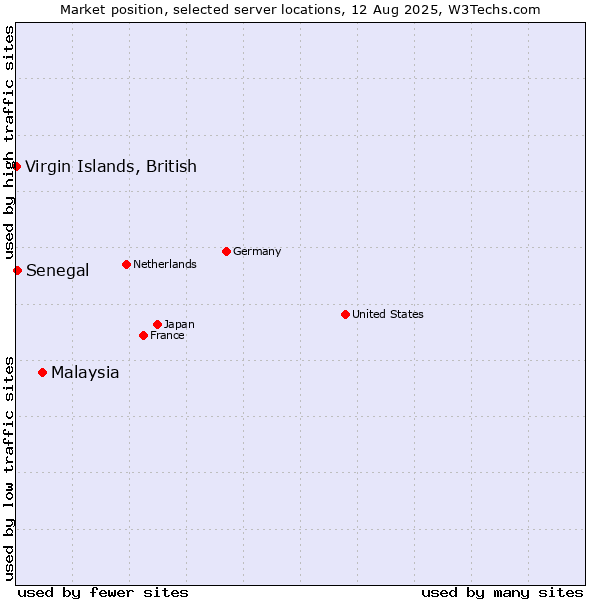 Market position of Malaysia vs. Senegal vs. Virgin Islands, British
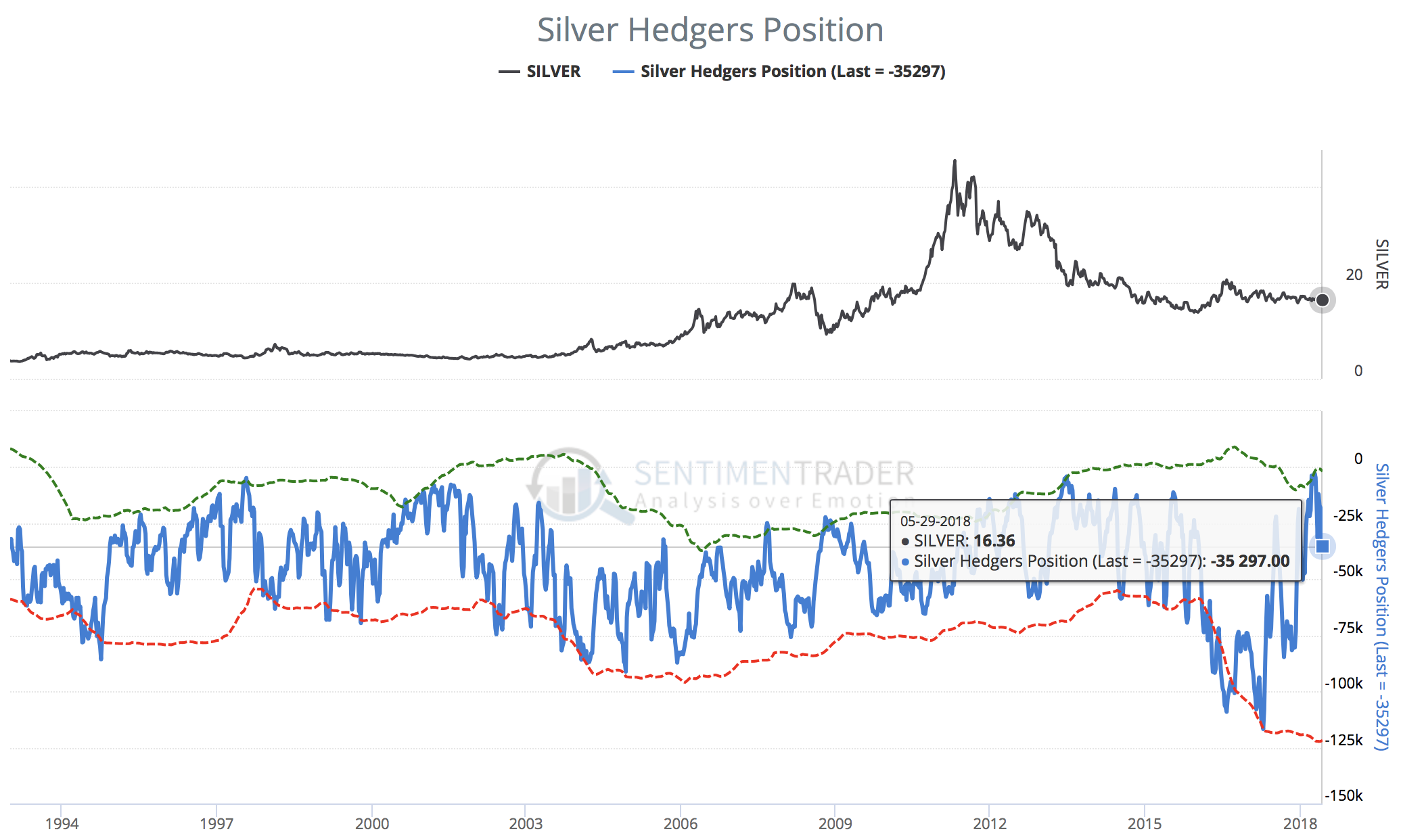 Silver hedgers position as of May 29th 2018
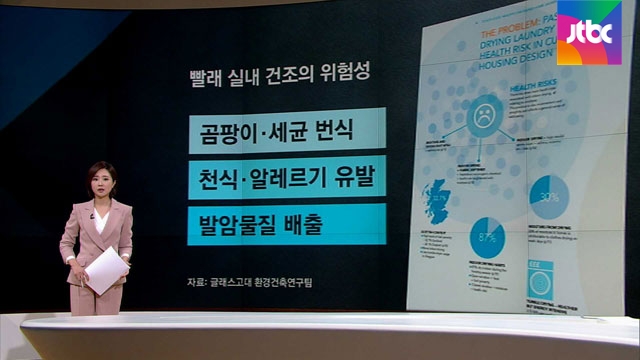 [팩트체크] 실내 '빨래 건조' 위험하다?..사실 확인해보니 - JTBC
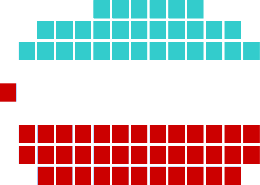 Malta_Parliament_Layout.svg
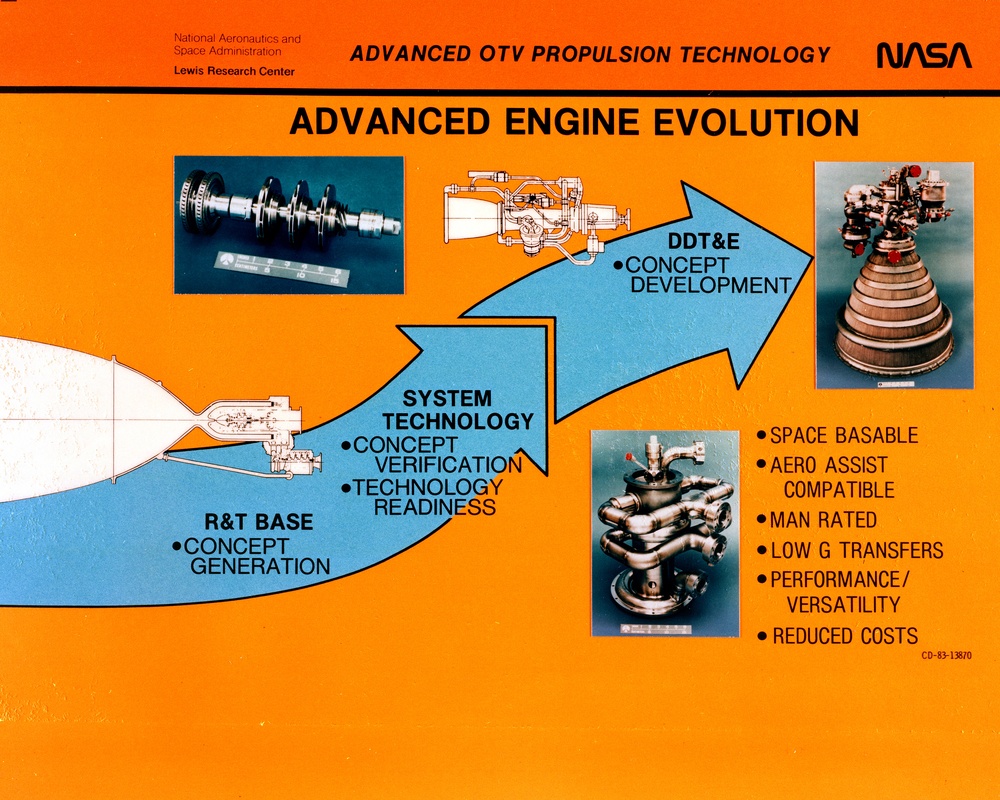 ADVANCED OTV PROPULSION TECHNOLOGY - GRAPHICS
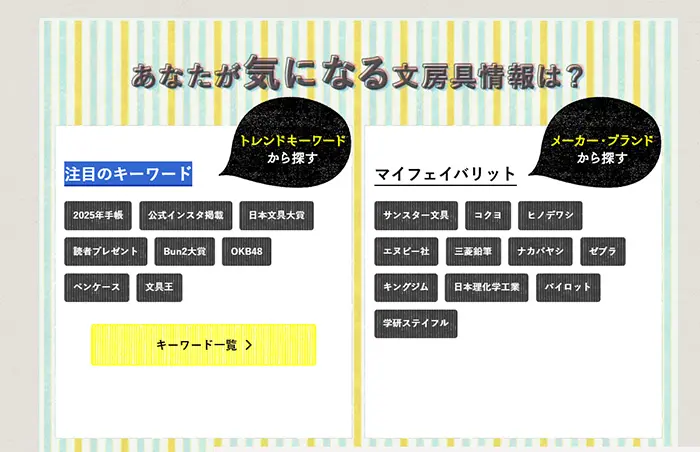 No.007　文房具の奥深い魅力を伝えるWebマガジン│文具のとびら レモンな向上心|WEBサイト100選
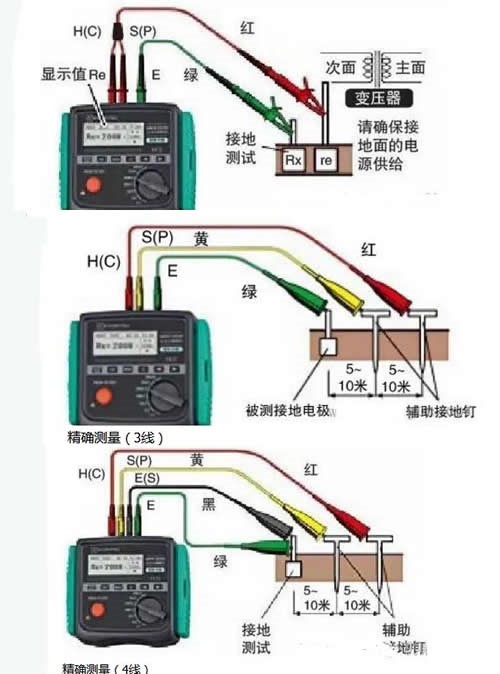 消防主机接地电阻测量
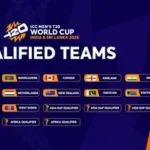 T20 World Cup Super 8 teams in action on the field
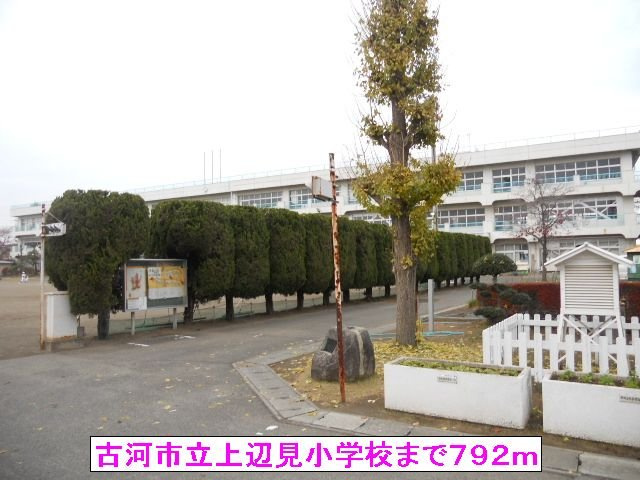【周辺】 | ＫーＨＯＵＳＥ | 古河市立上辺見小学校まで792m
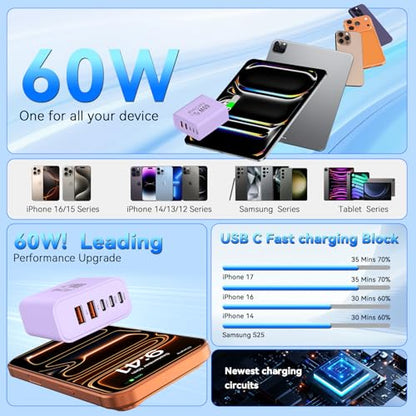 USB C 고속 충전기 블록, 60W 아이폰 USB 타입 C 벽 충전 전원 블록 - color: 라벤더.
---
### TASK ITEM
Apart from the pictures, restate all of the listing above exactly.

### RESULT OF THE TASK
 Market position of Malaysia vs. Senegal vs. Virgin Islands, British
 Silver hedgers position as of May 29th 2018
 [팩트체크] 실내 '빨래 건조' 위험하다?..사실 확인해보니 - JTBC
 Malta_Parliament_Layout.svg
 ADVANCED OTV PROPULSION TECHNOLOGY - GRAPHICS
 No.007　文房具の奥深い魅力を伝えるWebマガジン│文具のとびら レモンな向上心|WEBサイト100選
 消防主机接地电阻测量
 T20 World Cup Super 8 teams in action on the field
【周辺】 | ＫーＨＯＵＳＥ | 古河市立上辺見小学校まで792m
 USB C 고속 충전기 블록, 60W 아이폰 USB 타입 C 벽 충전 전원 블록 - color: 라벤더.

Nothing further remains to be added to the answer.